# [Problem requirements]
Skip the pictures. Retype exactly, and only, the lines between the line holding "LF | Astoria" and the last line below, inclusive.

[Short web captions]
──────
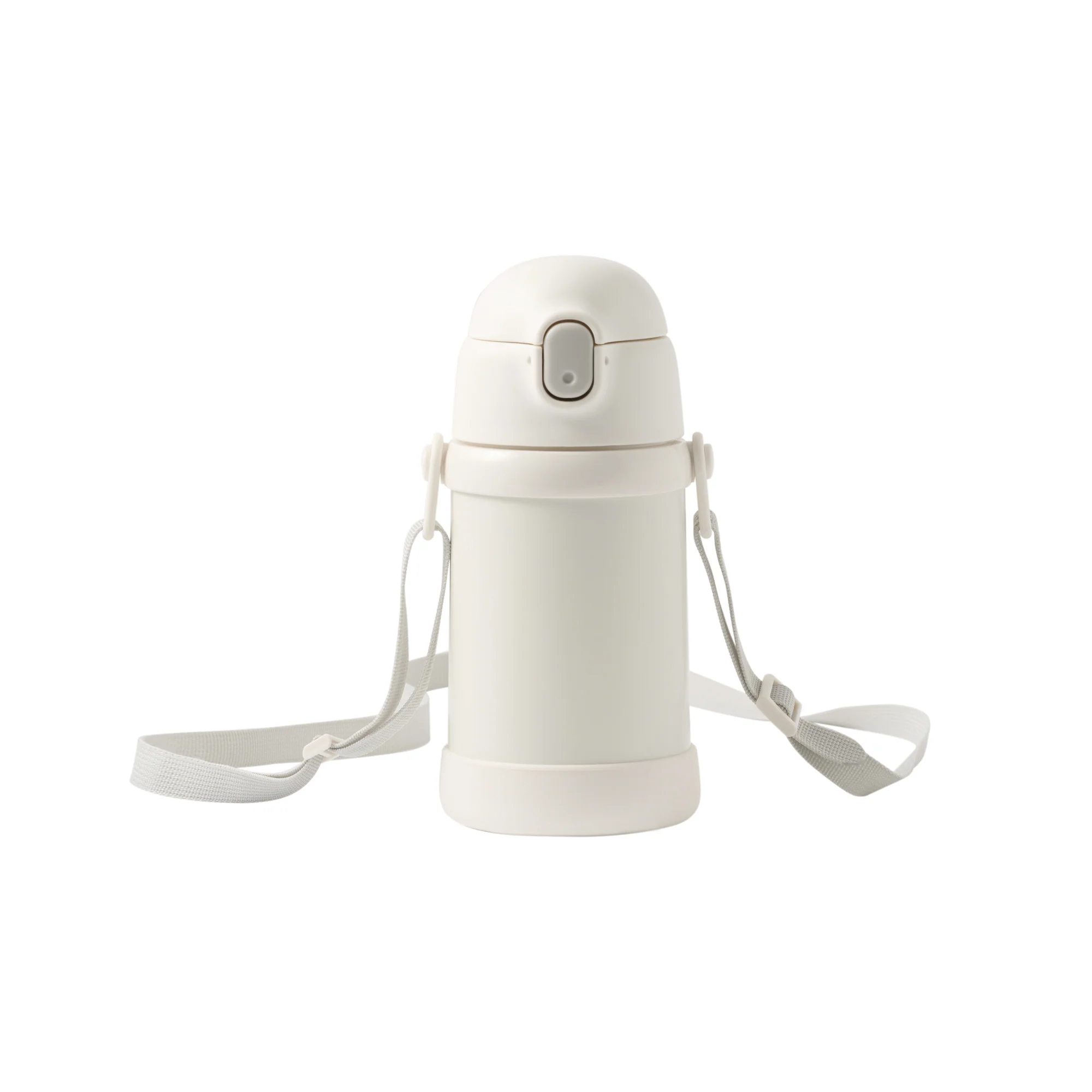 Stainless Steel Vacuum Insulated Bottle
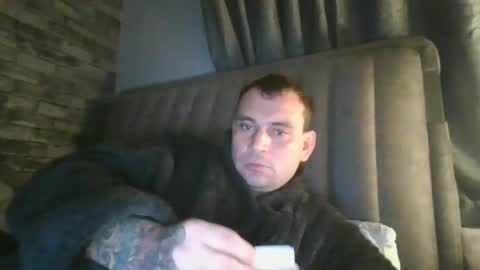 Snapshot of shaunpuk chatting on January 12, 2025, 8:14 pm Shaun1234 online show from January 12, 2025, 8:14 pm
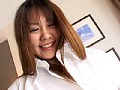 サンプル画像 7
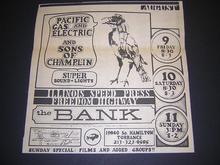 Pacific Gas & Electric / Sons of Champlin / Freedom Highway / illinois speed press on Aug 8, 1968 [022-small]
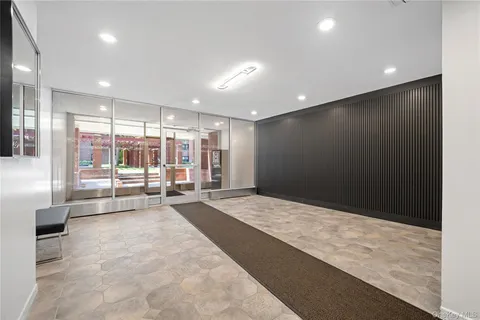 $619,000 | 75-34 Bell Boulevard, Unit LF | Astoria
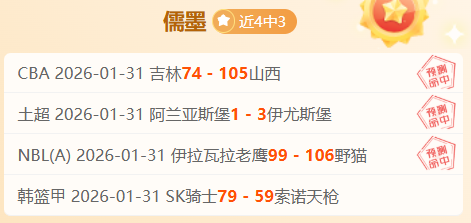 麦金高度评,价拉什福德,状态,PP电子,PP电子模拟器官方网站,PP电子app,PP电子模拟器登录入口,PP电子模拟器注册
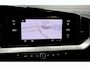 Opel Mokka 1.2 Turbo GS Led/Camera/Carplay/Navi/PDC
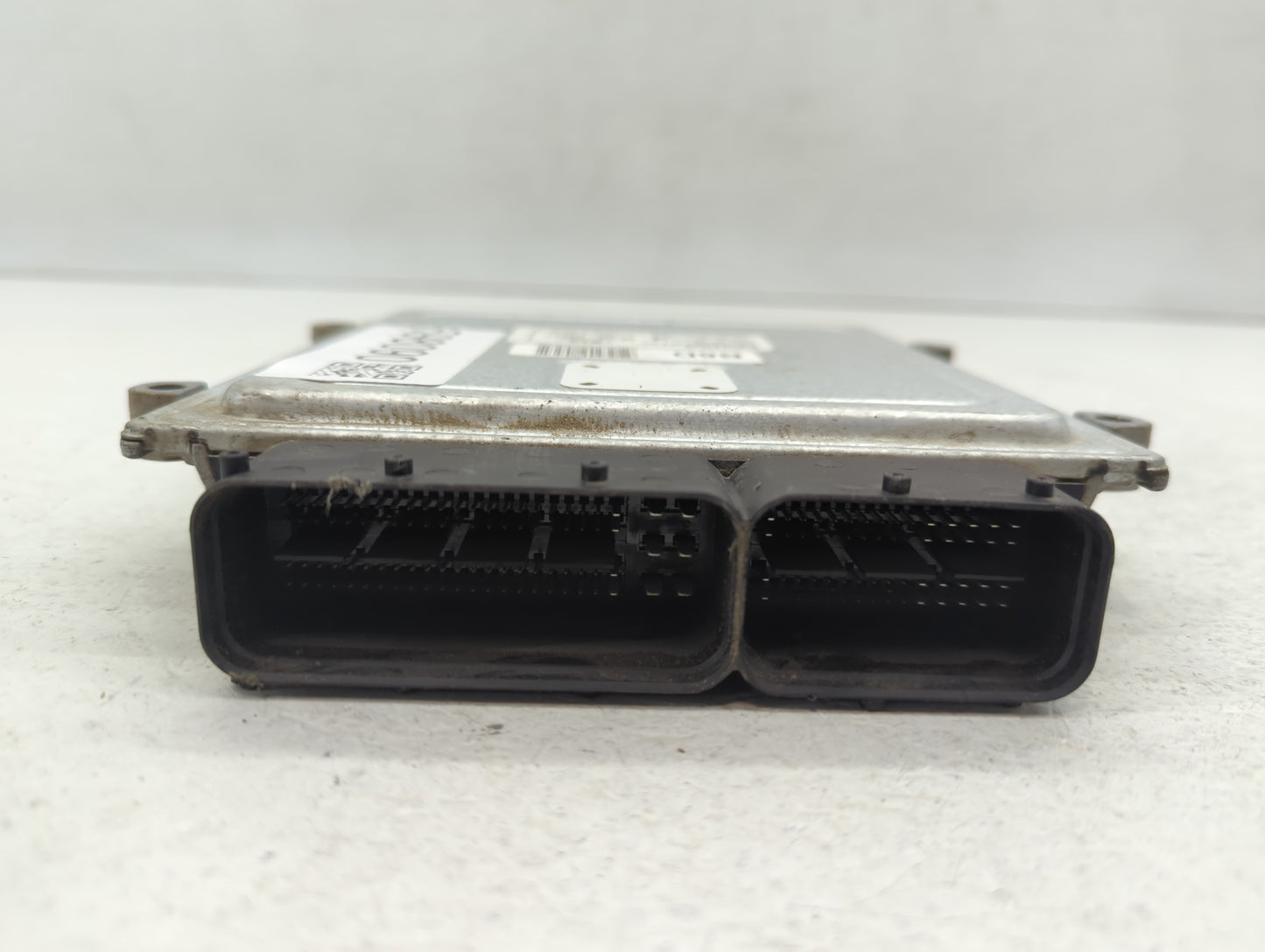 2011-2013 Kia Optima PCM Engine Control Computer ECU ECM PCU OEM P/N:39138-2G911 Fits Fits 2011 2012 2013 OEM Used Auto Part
──────
# [Completed exercise]
 $619,000 | 75-34 Bell Boulevard, Unit LF | Astoria
 麦金高度评,价拉什福德,状态,PP电子,PP电子模拟器官方网站,PP电子app,PP电子模拟器登录入口,PP电子模拟器注册
 Opel Mokka 1.2 Turbo GS Led/Camera/Carplay/Navi/PDC
 2011-2013 Kia Optima PCM Engine Control Computer ECU ECM PCU OEM P/N:39138-2G911 Fits Fits 2011 2012 2013 OEM Used Auto Part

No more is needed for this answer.